(Given records begins)

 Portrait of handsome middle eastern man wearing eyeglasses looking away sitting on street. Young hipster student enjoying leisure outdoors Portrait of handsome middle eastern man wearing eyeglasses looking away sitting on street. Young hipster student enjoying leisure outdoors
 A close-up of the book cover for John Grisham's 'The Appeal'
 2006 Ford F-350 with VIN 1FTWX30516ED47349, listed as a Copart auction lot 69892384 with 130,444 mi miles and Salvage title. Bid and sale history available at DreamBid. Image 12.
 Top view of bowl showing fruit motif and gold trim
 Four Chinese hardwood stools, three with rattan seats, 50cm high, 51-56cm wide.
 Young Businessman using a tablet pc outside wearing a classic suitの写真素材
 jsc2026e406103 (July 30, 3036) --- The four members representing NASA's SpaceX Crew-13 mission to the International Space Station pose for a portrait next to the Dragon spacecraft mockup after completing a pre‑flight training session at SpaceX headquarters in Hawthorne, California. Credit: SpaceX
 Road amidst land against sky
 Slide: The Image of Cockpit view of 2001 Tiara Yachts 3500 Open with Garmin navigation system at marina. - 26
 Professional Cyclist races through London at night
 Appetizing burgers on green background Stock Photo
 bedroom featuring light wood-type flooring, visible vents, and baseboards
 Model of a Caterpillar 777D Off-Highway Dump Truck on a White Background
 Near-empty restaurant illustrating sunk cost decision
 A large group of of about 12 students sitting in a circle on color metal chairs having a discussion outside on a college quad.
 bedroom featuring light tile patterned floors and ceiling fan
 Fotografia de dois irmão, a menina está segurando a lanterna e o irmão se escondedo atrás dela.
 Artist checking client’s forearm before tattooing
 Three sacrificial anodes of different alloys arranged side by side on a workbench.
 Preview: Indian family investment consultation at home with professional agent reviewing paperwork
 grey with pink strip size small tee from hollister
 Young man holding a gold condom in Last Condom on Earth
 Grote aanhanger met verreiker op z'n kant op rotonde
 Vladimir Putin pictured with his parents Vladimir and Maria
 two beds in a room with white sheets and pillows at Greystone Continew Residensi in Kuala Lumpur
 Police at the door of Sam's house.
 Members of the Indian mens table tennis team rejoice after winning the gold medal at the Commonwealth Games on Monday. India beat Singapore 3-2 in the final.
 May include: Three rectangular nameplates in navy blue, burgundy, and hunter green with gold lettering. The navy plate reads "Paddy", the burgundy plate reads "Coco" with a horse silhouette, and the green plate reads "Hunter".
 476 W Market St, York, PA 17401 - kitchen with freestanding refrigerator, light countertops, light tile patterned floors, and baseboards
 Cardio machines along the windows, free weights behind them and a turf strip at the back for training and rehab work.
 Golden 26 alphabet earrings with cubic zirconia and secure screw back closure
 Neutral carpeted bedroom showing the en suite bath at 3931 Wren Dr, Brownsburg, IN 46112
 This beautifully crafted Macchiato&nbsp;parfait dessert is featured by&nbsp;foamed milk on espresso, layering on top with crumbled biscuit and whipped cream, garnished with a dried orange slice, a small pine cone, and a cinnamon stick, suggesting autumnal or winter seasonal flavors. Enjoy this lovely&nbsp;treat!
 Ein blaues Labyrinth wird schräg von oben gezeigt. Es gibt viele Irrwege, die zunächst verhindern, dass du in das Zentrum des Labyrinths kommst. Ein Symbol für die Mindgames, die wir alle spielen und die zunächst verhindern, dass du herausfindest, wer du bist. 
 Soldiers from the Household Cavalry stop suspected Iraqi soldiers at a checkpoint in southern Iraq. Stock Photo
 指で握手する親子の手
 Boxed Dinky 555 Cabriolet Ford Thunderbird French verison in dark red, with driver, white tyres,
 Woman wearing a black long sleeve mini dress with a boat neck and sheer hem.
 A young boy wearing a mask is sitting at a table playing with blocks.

(Given records ends)

**Task requirements**
Only lines that hold the string "training" belong in the answer, so copy every one of them from the records.

**Solution for this task**
 jsc2026e406103 (July 30, 3036) --- The four members representing NASA's SpaceX Crew-13 mission to the International Space Station pose for a portrait next to the Dragon spacecraft mockup after completing a pre‑flight training session at SpaceX headquarters in Hawthorne, California. Credit: SpaceX
 Cardio machines along the windows, free weights behind them and a turf strip at the back for training and rehab work.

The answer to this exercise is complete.